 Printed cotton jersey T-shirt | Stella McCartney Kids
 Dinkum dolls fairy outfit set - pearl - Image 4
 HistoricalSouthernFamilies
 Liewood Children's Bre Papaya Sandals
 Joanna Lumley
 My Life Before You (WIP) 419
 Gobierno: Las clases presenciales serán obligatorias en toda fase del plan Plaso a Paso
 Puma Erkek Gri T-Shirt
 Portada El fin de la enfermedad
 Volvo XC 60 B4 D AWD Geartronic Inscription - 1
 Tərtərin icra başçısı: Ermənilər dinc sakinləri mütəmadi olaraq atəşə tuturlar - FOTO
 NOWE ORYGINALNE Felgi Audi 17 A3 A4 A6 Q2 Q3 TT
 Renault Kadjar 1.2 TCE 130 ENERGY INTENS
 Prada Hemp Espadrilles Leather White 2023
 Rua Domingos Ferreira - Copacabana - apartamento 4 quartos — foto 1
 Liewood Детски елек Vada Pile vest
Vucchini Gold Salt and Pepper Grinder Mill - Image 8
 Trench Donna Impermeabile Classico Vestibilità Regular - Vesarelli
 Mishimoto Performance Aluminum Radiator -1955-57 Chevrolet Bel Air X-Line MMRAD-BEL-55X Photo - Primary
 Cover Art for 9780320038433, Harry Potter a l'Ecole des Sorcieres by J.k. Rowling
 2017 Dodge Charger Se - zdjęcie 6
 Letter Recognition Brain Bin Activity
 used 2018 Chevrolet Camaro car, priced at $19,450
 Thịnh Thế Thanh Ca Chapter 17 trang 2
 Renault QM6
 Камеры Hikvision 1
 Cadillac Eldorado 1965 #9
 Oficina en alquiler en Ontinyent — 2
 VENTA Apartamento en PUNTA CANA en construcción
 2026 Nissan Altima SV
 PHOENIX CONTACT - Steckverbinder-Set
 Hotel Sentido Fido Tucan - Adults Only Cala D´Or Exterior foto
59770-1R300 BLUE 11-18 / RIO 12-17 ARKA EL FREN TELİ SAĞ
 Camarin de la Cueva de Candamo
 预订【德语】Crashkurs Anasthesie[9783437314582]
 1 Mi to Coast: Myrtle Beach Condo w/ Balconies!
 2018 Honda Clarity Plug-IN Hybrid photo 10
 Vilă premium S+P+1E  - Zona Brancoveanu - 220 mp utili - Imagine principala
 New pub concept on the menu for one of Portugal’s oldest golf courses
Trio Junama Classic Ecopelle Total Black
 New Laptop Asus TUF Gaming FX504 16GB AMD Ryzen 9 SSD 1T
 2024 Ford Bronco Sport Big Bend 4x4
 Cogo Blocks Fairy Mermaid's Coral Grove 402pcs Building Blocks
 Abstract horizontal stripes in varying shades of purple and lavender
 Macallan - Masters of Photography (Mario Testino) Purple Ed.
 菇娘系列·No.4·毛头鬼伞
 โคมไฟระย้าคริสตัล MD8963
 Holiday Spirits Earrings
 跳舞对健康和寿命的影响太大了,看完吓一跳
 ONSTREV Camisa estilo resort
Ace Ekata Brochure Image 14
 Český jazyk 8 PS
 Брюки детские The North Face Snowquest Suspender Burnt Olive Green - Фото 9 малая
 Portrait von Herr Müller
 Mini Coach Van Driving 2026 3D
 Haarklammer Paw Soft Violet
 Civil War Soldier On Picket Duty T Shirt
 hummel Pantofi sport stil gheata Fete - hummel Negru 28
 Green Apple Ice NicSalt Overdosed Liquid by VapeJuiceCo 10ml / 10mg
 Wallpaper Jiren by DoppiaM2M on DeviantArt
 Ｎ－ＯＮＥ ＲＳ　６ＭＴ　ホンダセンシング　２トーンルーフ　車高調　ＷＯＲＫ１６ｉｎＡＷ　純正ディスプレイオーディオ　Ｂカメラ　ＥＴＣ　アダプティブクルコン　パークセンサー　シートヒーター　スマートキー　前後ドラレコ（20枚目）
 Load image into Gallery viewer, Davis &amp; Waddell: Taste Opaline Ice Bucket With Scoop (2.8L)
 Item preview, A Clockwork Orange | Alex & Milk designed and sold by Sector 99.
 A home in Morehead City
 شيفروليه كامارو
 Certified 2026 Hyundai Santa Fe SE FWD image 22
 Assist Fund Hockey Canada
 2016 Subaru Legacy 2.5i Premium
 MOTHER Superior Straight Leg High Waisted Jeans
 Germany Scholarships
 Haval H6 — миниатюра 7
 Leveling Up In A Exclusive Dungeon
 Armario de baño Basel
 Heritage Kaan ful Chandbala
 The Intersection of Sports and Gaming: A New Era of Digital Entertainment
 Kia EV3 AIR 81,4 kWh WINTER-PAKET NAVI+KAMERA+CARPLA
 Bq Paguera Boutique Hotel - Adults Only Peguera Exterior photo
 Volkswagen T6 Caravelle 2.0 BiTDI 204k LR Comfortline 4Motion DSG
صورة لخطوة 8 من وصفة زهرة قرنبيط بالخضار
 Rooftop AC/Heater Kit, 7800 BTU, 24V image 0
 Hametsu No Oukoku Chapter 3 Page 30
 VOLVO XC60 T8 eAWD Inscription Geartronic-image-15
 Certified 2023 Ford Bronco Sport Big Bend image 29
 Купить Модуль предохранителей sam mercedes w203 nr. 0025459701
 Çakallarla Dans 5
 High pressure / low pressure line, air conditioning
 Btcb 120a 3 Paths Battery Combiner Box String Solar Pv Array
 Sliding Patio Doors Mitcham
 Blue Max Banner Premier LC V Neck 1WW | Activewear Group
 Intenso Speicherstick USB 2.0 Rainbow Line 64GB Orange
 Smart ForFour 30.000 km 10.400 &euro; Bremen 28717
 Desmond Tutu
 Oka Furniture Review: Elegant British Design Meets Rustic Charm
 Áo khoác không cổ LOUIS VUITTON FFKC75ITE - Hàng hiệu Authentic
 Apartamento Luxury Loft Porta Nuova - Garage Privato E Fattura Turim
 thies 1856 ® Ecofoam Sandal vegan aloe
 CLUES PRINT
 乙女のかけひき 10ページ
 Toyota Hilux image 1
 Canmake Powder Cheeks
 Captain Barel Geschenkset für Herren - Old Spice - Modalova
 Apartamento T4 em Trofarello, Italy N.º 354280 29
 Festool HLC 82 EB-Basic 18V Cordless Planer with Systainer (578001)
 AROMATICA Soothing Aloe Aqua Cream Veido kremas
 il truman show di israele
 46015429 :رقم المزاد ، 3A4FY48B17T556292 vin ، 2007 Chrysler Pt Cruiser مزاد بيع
++++++
Reproduce exactly, and with no other material, the lines between those holding "Portada El fin de la enfermedad" and "Renault QM6", inclusive.

• _OUTPUT FOR THIS TASK_:
 Portada El fin de la enfermedad
 Volvo XC 60 B4 D AWD Geartronic Inscription - 1
 Tərtərin icra başçısı: Ermənilər dinc sakinləri mütəmadi olaraq atəşə tuturlar - FOTO
 NOWE ORYGINALNE Felgi Audi 17 A3 A4 A6 Q2 Q3 TT
 Renault Kadjar 1.2 TCE 130 ENERGY INTENS
 Prada Hemp Espadrilles Leather White 2023
 Rua Domingos Ferreira - Copacabana - apartamento 4 quartos — foto 1
 Liewood Детски елек Vada Pile vest
Vucchini Gold Salt and Pepper Grinder Mill - Image 8
 Trench Donna Impermeabile Classico Vestibilità Regular - Vesarelli
 Mishimoto Performance Aluminum Radiator -1955-57 Chevrolet Bel Air X-Line MMRAD-BEL-55X Photo - Primary
 Cover Art for 9780320038433, Harry Potter a l'Ecole des Sorcieres by J.k. Rowling
 2017 Dodge Charger Se - zdjęcie 6
 Letter Recognition Brain Bin Activity
 used 2018 Chevrolet Camaro car, priced at $19,450
 Thịnh Thế Thanh Ca Chapter 17 trang 2
 Renault QM6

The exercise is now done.